Hadramut/Hadramevt Neresi/Nerededir, Ne Demek, Tarihi, Hakkında Bilgi

Hadramut. Arabistan yarımadasında, Yemen’in güney ve güneydoğusunda coğrafî bölge.

Hadramevt olarak da telaffuz edilen ve çok eski kaynaklarda yer aldığı için uzun bir tarihî geçmişe sahip olduğu an­laşılan ismin Hadramût b. Himyer’den geldiği söylenmekle birlikte bu hususta başka görüşler de vardır.

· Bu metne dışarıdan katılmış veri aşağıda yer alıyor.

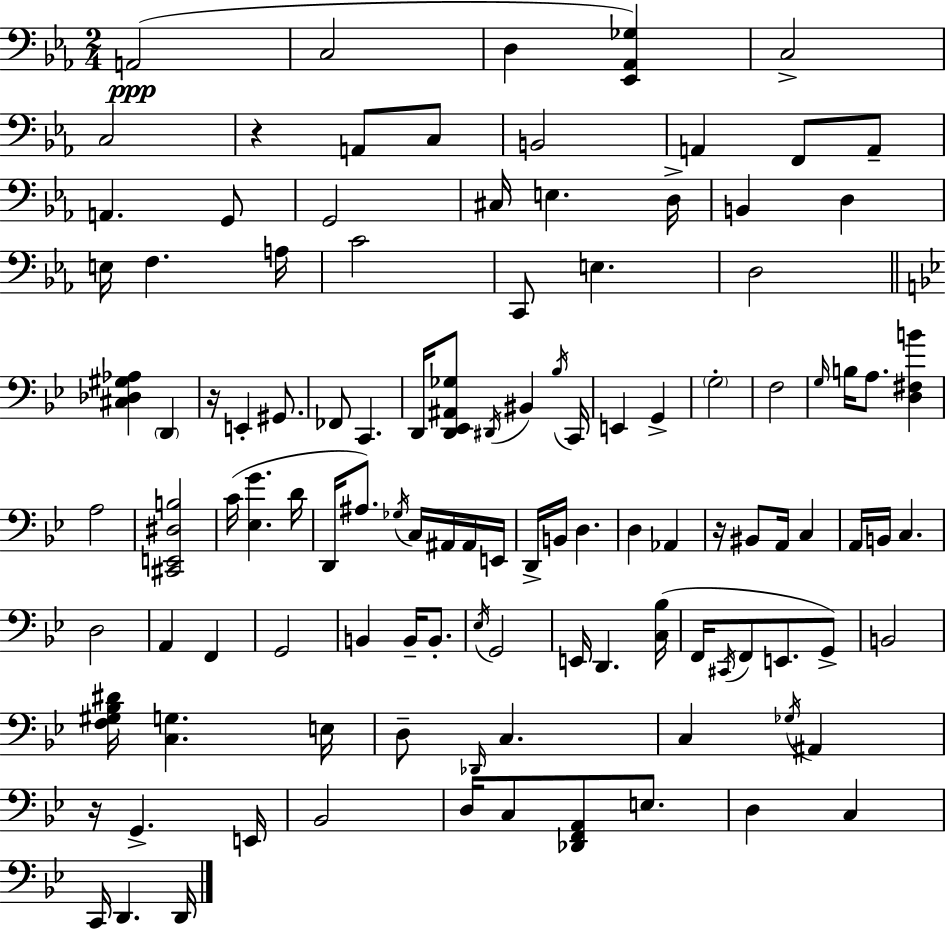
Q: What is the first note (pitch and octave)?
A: A2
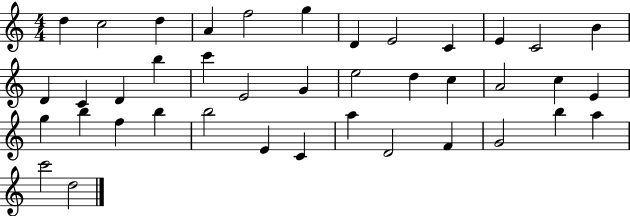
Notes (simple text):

D5/q C5/h D5/q A4/q F5/h G5/q D4/q E4/h C4/q E4/q C4/h B4/q D4/q C4/q D4/q B5/q C6/q E4/h G4/q E5/h D5/q C5/q A4/h C5/q E4/q G5/q B5/q F5/q B5/q B5/h E4/q C4/q A5/q D4/h F4/q G4/h B5/q A5/q C6/h D5/h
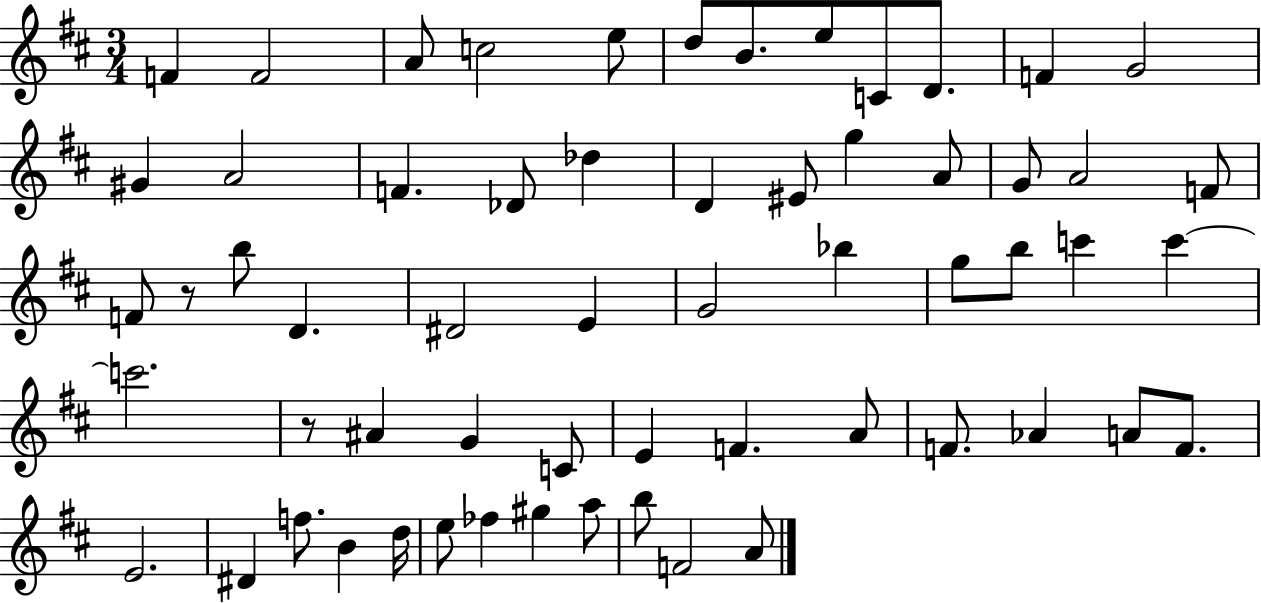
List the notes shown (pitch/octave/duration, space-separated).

Arabistan yarımadasının güney sahil­lerinde dar bir şerit halinde uzanan böl­genin doğusunda Umman, kuzeyinde Suudi Arabistan’la arasını ayıran Rub’ui-hâlî çölü, güneyinde Aden körfezi bulun­maktadır. Ülkeyi bir baştan bir başa ge­çen Hadramût vadisi sahile kadar uza­nır. Orta yaylalarda deniz seviyesinden yükseklik 1350 m. kadardır. Dağlar ge­nellikle çorak olup yer yer sarısabır ağaç­larına, çalılıklara ve vadinin yamaçların­da söğütlere rastlanır. En batıda Şebve şehriyle irili ufaklı bazı kasaba ve köyler vardır. Halk daha ziyade büyük vadide ve sahilde yerleşmiştir. Vadide kara iklimi hüküm sürer; kışlar soğuk ve yağışlı, yazlar sıcak ve kuraktır. Sahil kesiminde ise iklim daha yumuşak, yağmur daha boldur. Vadide toprak altı sularının zen­ginliğinden dolayı artezyen kuyuları ile sulama yapılır. Yükseklerde buğday ve arpa başta olmak üzere vadide mısır, hurma, üzüm, incir, susam, çivit, tütün yetiştirilir; sahilde ise balıkçılık yaygın­dır. Güneydoğudaki Mehre yöresinde, ta­rihi boyunca bölgeyi önemli bir buhur ih­racat merkezi haline getiren günlük ağaç­ları bulunur. Yemen’e ait nüfus istatis­tikleri çok seyrek aralıklarla yayımlandığı için bölgenin nüfusuyla ilgili olarak yakın yıllara ait bilgi bulunmamaktadır. 1986 yılına ait bilgilere göre 686.000 nüfusun yaşadığı Hadramut bölgesinin en büyük şehri Mükellâ’dır (1984te 59.000).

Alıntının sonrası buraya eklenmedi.